• **WORK INSTRUCTIONS**
Once you find the line below that has "Courtyard by Marriott Galveston Island 35/50", output it and every line after it exactly, stopping after the line that has "2T3WFREV8JW499399 Toyota Rav4 Xle", with no pictures.

• **THE DATA**
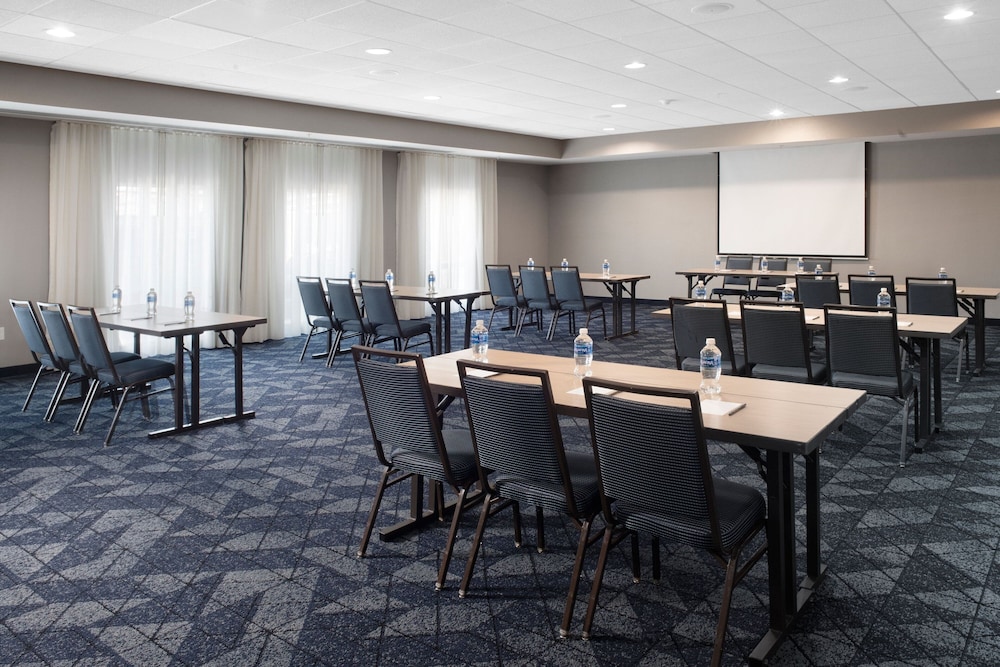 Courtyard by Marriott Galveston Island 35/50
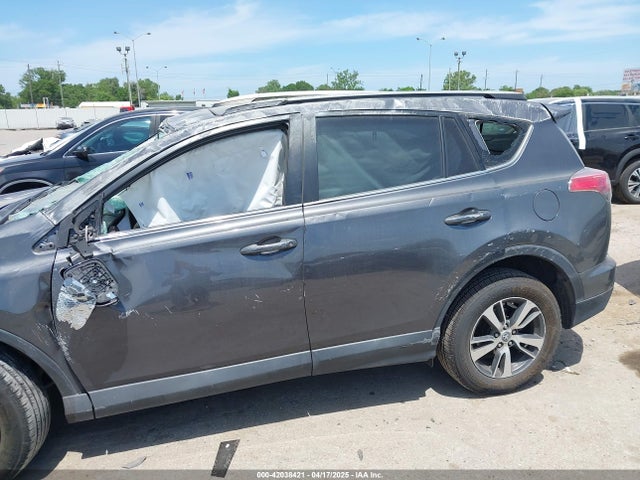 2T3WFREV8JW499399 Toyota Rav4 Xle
==
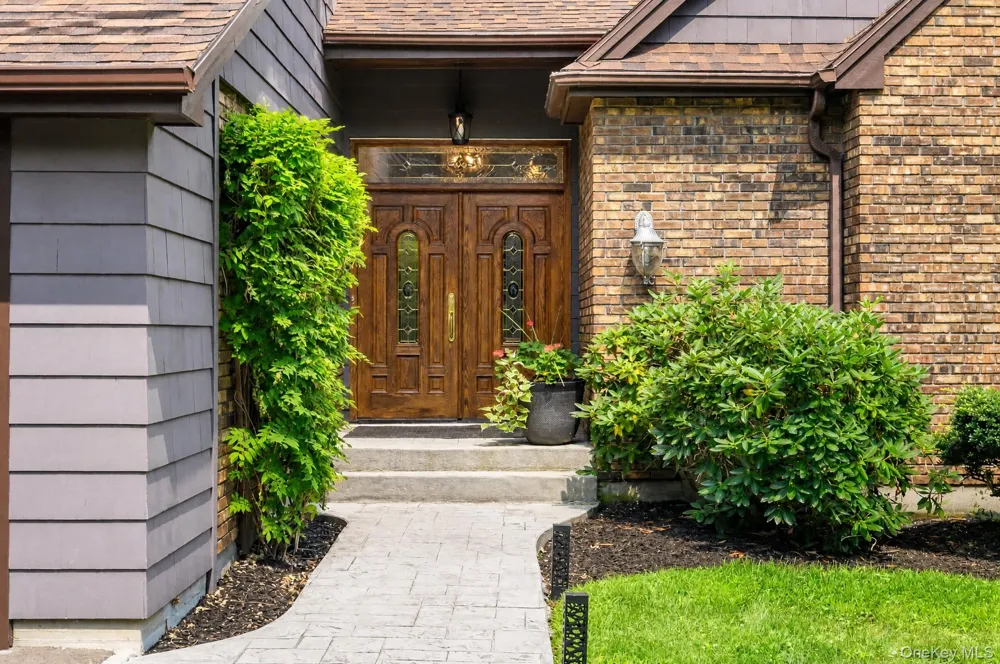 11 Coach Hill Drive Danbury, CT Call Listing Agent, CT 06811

• **RESPONSE TO THE EXERCISE**
 Courtyard by Marriott Galveston Island 35/50
 2T3WFREV8JW499399 Toyota Rav4 Xle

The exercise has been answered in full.